### RECORDS FOR THIS TASK ###

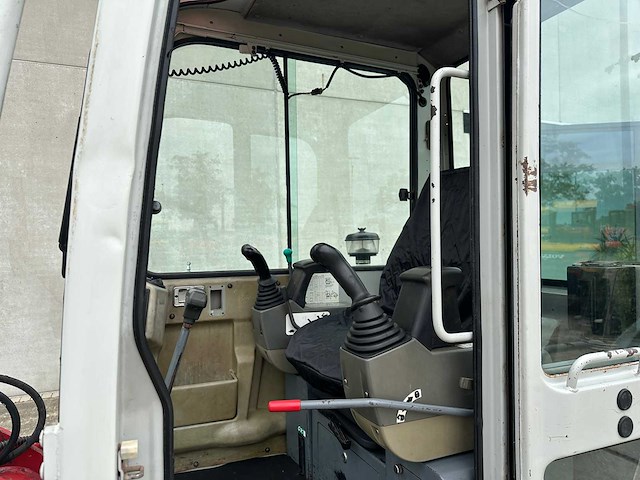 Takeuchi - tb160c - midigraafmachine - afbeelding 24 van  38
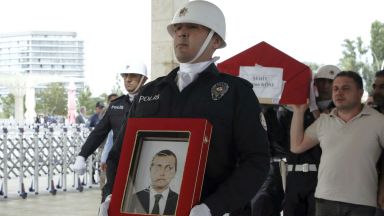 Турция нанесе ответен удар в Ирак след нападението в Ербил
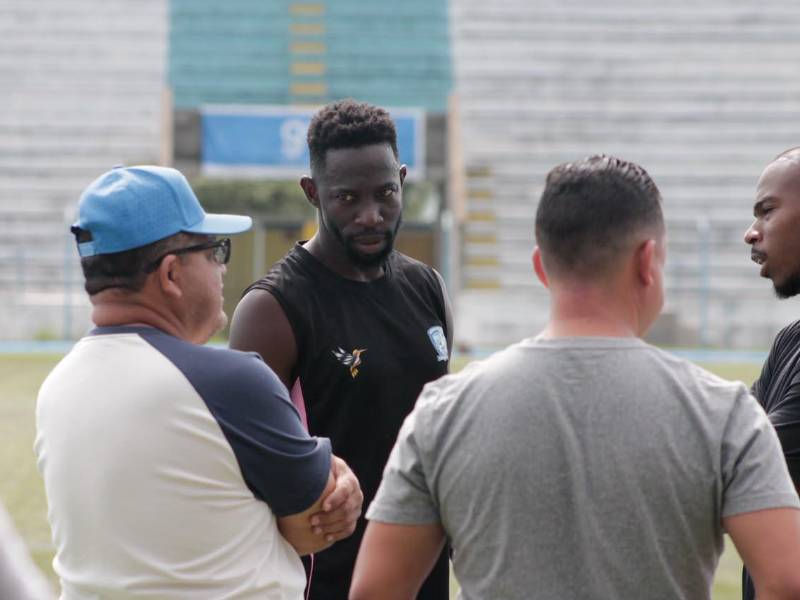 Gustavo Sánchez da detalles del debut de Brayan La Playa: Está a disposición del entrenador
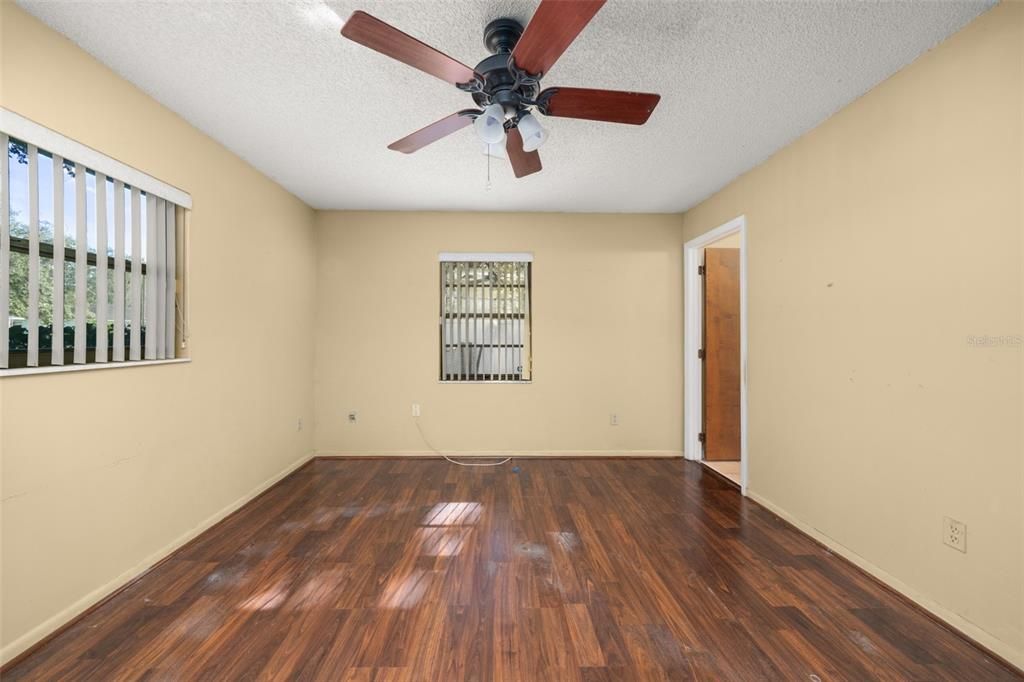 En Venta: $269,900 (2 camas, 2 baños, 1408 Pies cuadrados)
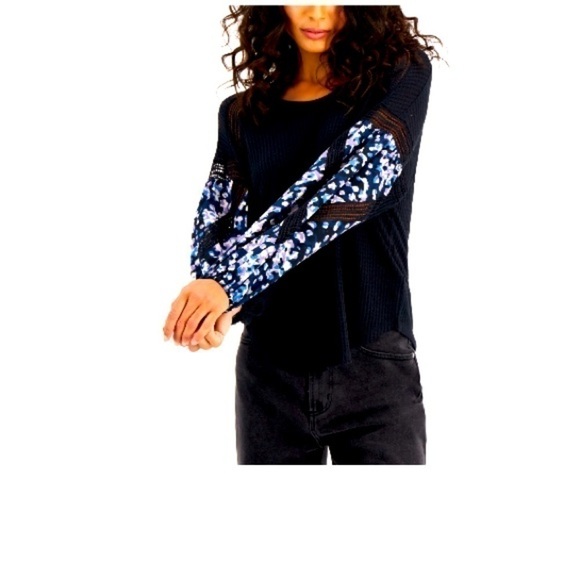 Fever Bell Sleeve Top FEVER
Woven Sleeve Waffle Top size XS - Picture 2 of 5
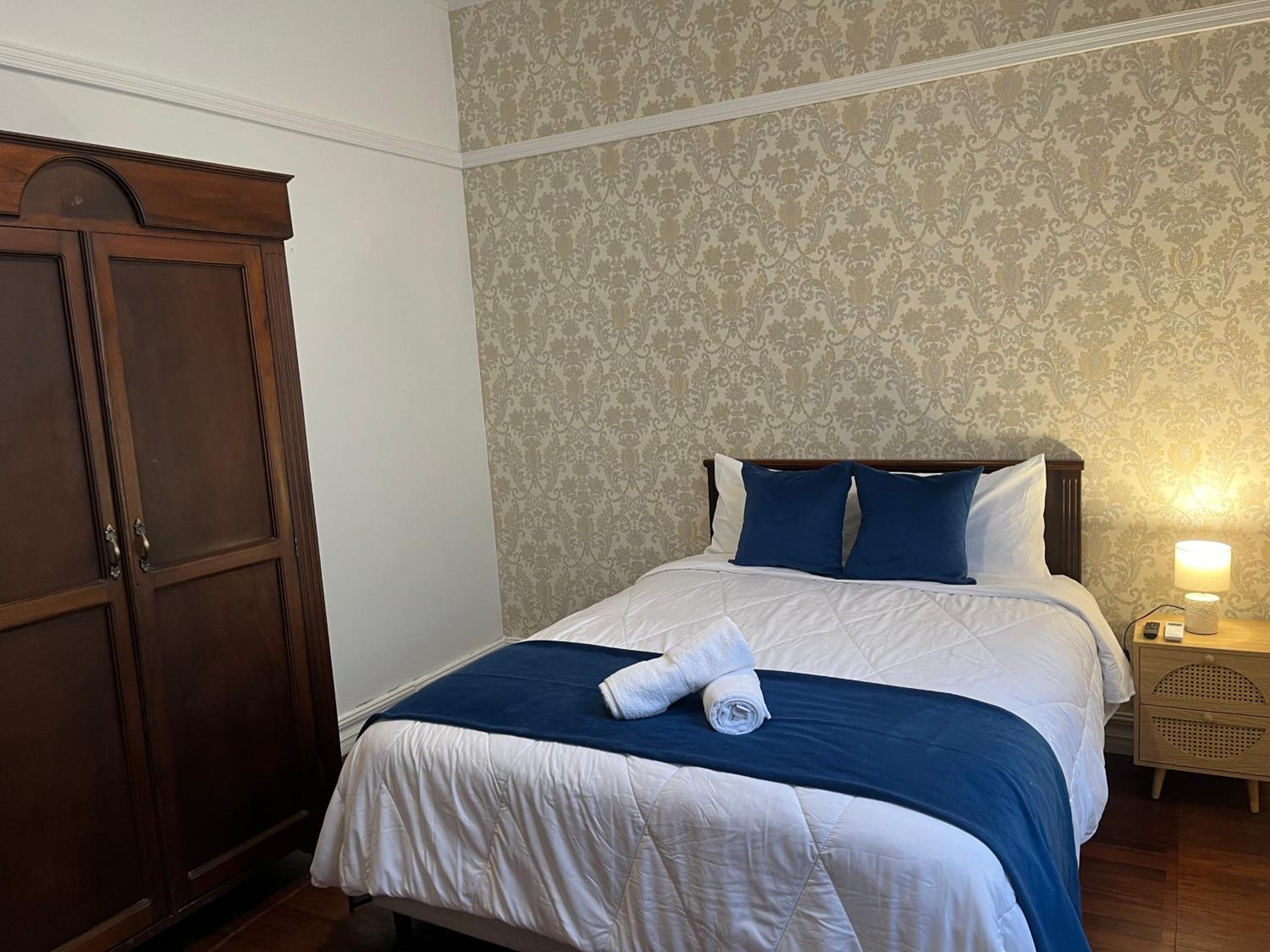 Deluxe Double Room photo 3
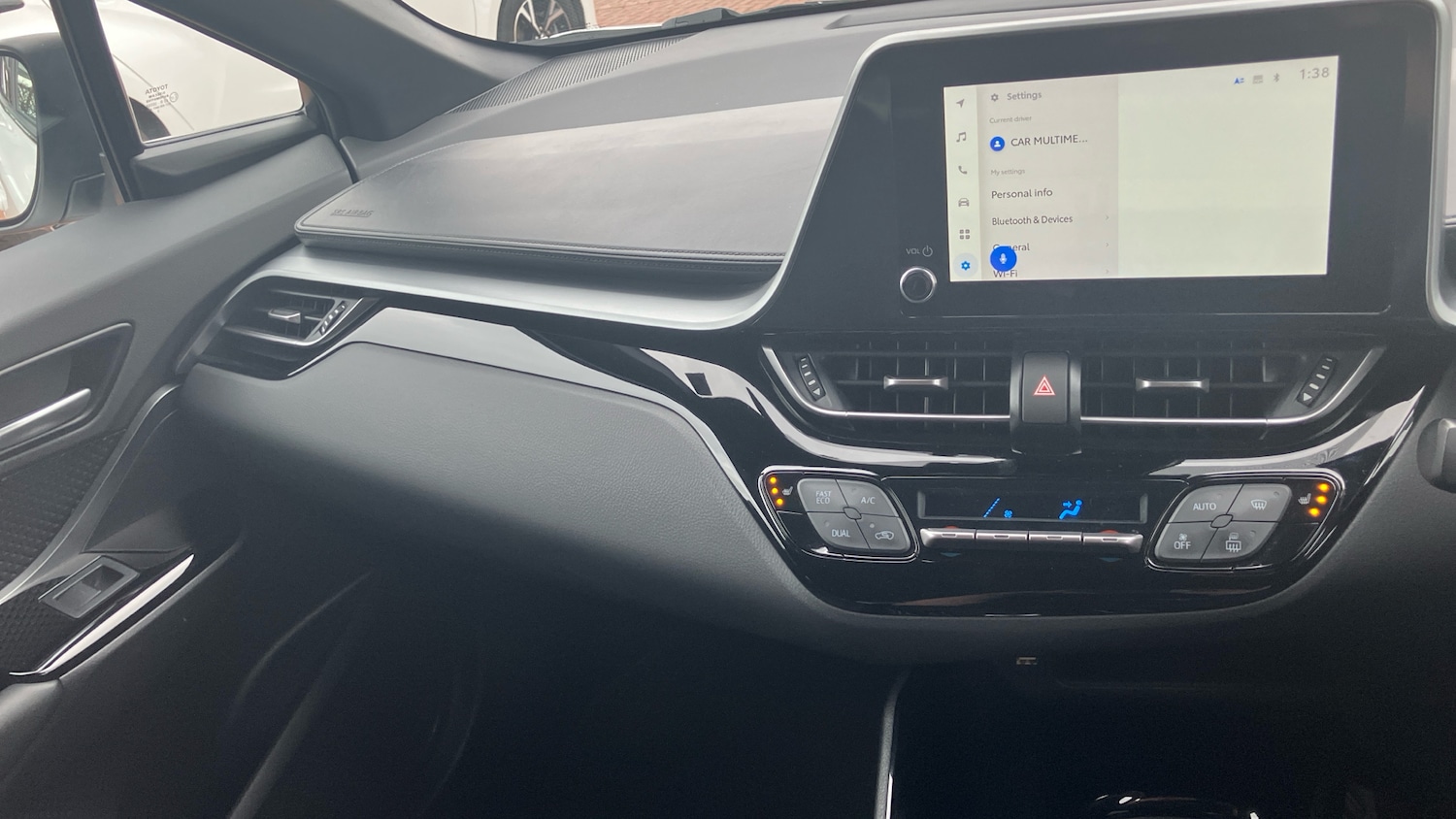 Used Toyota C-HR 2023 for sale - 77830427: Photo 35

###

# [EXERCISE BRIEF]
For this exercise, transcribe the entries verbatim and skip all pictures.

# [YOUR SOLUTION]
 Takeuchi - tb160c - midigraafmachine - afbeelding 24 van  38
 Турция нанесе ответен удар в Ирак след нападението в Ербил
 Gustavo Sánchez da detalles del debut de Brayan La Playa: Está a disposición del entrenador
 En Venta: $269,900 (2 camas, 2 baños, 1408 Pies cuadrados)
 Fever Bell Sleeve Top FEVER
Woven Sleeve Waffle Top size XS - Picture 2 of 5
 Deluxe Double Room photo 3
 Used Toyota C-HR 2023 for sale - 77830427: Photo 35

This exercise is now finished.